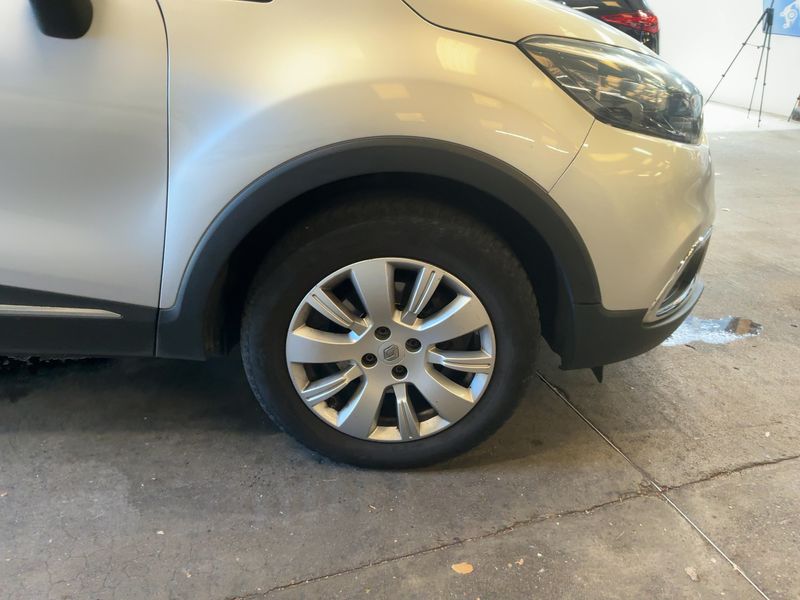 Renault Captur 1.5 dCi Energy Zen 2015 – снимка 11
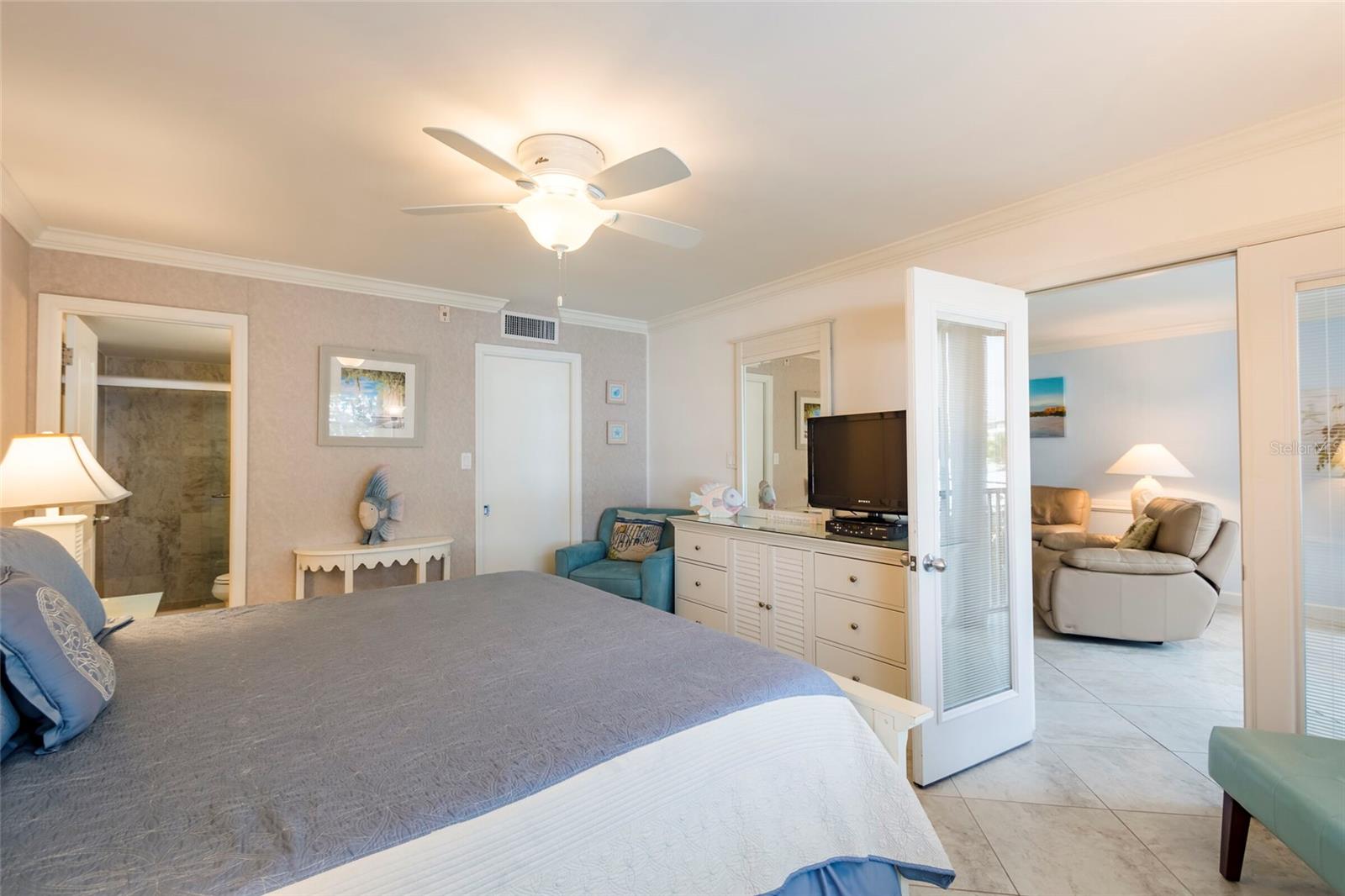 Image 21 of 46 For 5968 Midnight Pass Road 158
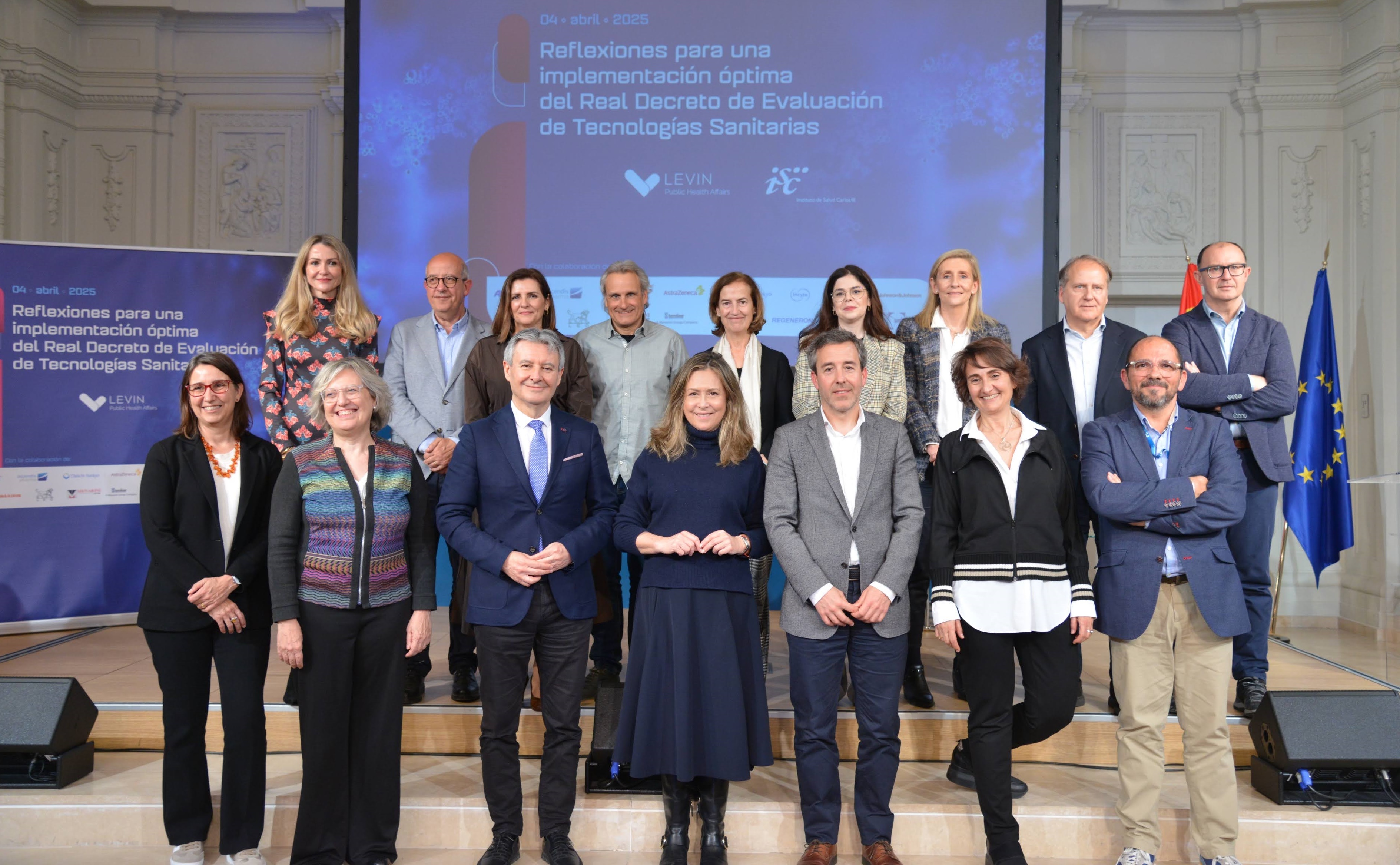 Foto de familia con los ponentes de la jornada, celebrada en el Salón Ernest Lluch del ISCIII, en Madrid. En la primera fila, a la derecha, Carlos Martín Saborido, director de la Agencia de Evaluación de Tecnologías Sanitarias del ISCIII.
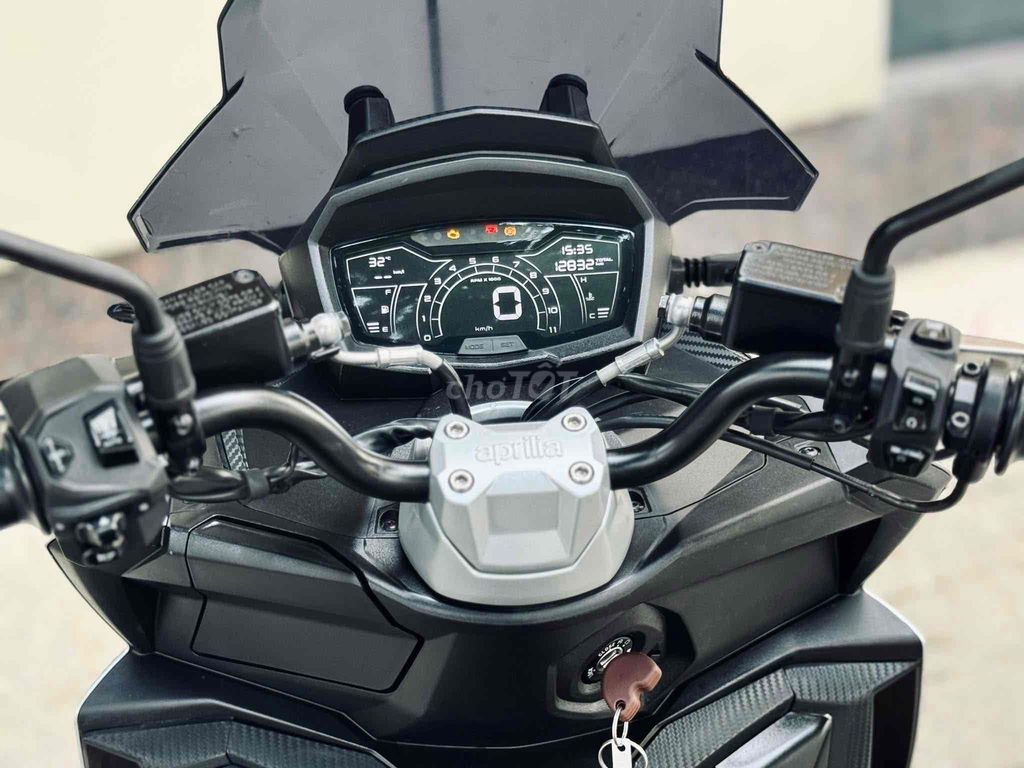 Aprilia SR GT 200. Mua bán Xe máy tại Quận Cầu Giấy Hà Nội được đăng bởi Tuấn Việt Motor hình 4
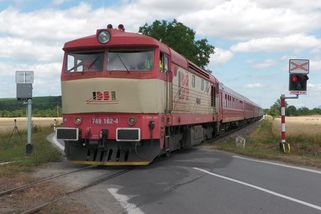 Železniční přejezd Slavnica na Slovensku | Železniční přejezdy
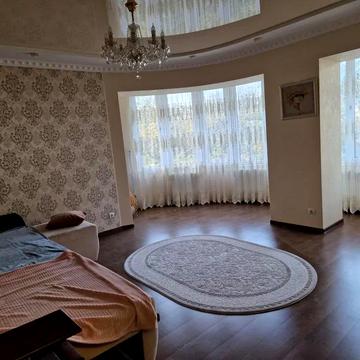 Євгена Коновальця вул., 102 а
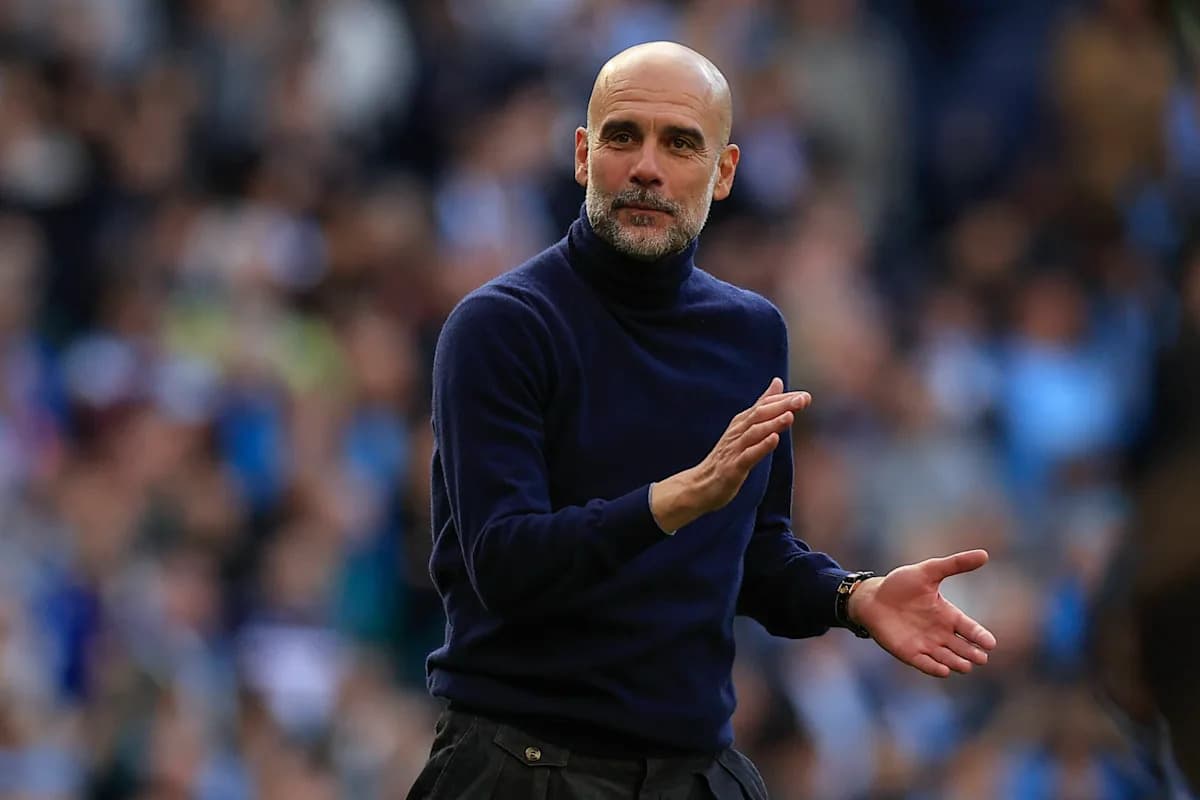 Entrenador gesticulando en el banquillo durante partido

TASK: Your copy should hold exactly the lines from the line containing "Aprilia SR GT" through the last line of the listing above, both included, and no pictures.

RESULT FOR THIS EXERCISE:
 Aprilia SR GT 200. Mua bán Xe máy tại Quận Cầu Giấy Hà Nội được đăng bởi Tuấn Việt Motor hình 4
 Železniční přejezd Slavnica na Slovensku | Železniční přejezdy
 Євгена Коновальця вул., 102 а
 Entrenador gesticulando en el banquillo durante partido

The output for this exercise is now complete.